*** Raw data Section Begins ***
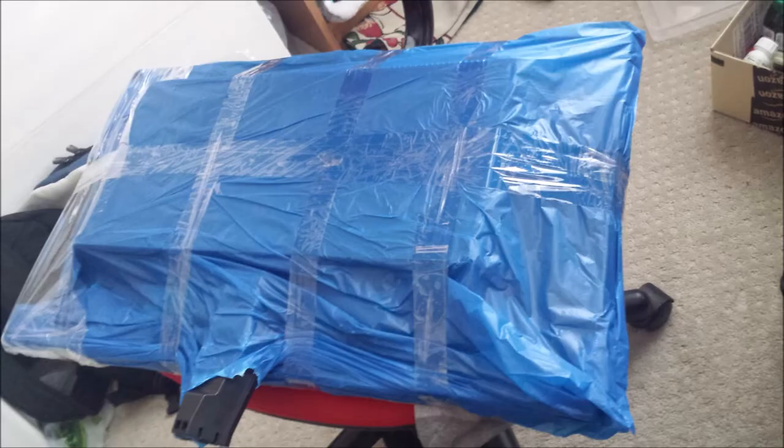So I hope this gives you some idea about packing monitors. If this was helpful, please do subscribe to my channel and like this video. Thank you.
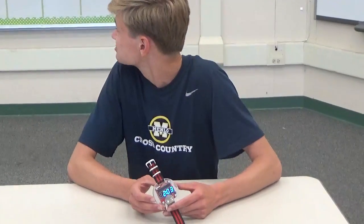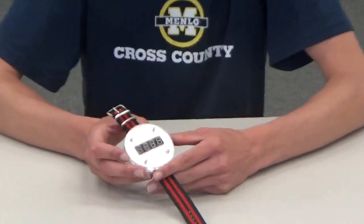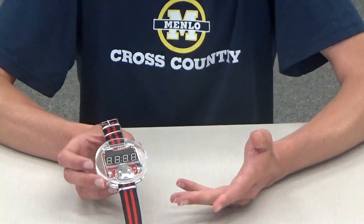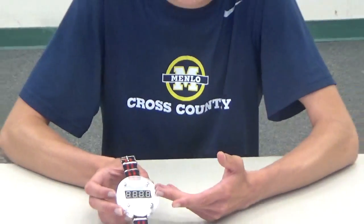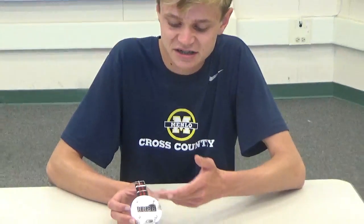It says it's 2:03, which on the clock back there it says as well. Inside the clock there's a battery, an LED display, a switch, microprocessors, capacitors, a resistor, and a crystal.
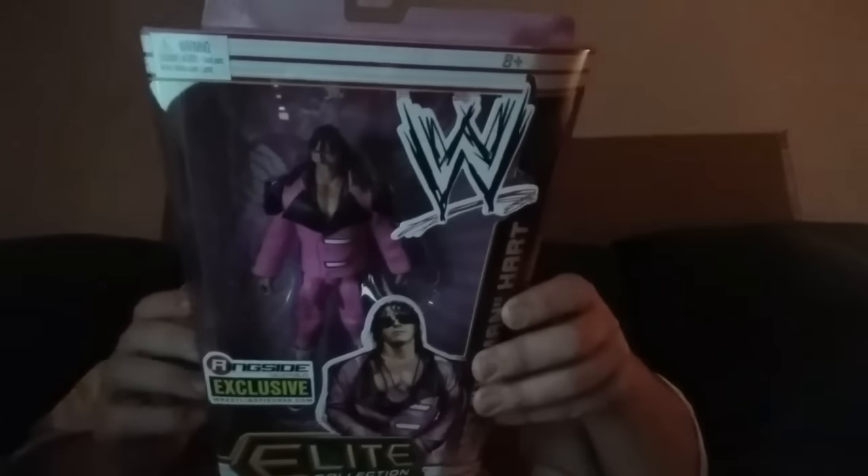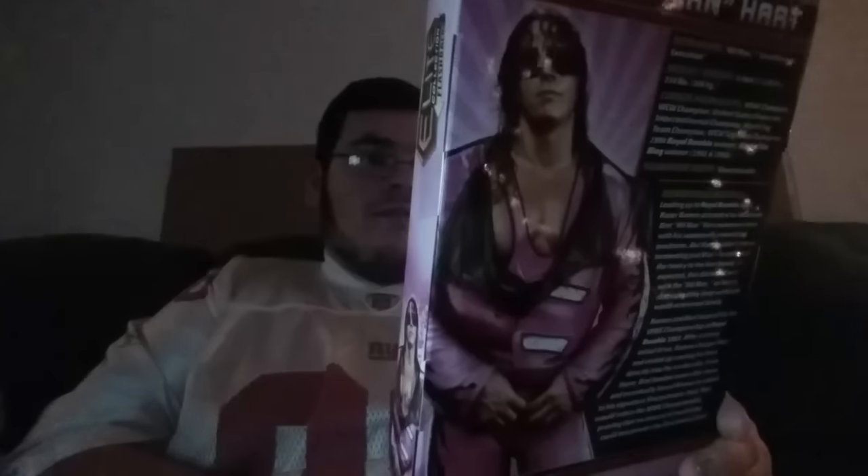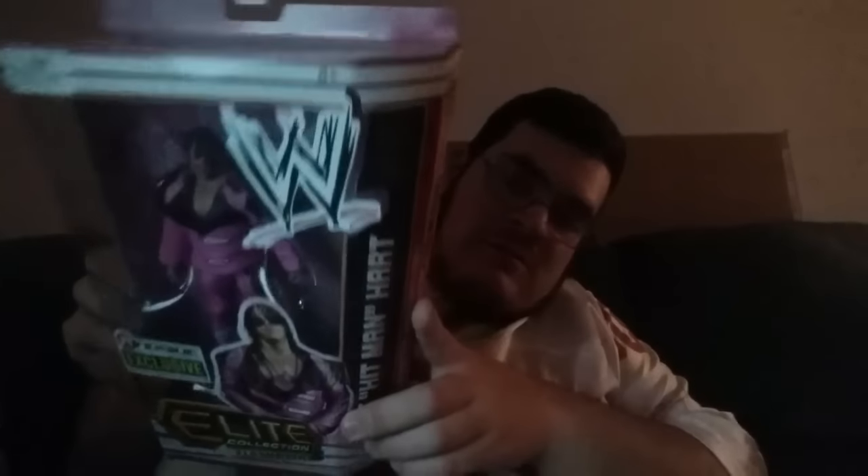The Ringside Exclusive Bret the Hitman Hart. Check that out. It's in great condition. It came all the way from Hawaii. Wow. That is so beautiful. Now the next one I'm going to work on is the SES Ringside Exclusive CM Punk. But check that out. That is a beautiful Bret the Hitman Hart.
*** Raw data Section Ends ***
- [Try it]:
Drop the pictures, then repeat the material word for word.

- [Task solution]:
So I hope this gives you some idea about packing monitors. If this was helpful, please do subscribe to my channel and like this video. Thank you.
It says it's 2:03, which on the clock back there it says as well. Inside the clock there's a battery, an LED display, a switch, microprocessors, capacitors, a resistor, and a crystal.
The Ringside Exclusive Bret the Hitman Hart. Check that out. It's in great condition. It came all the way from Hawaii. Wow. That is so beautiful. Now the next one I'm going to work on is the SES Ringside Exclusive CM Punk. But check that out. That is a beautiful Bret the Hitman Hart.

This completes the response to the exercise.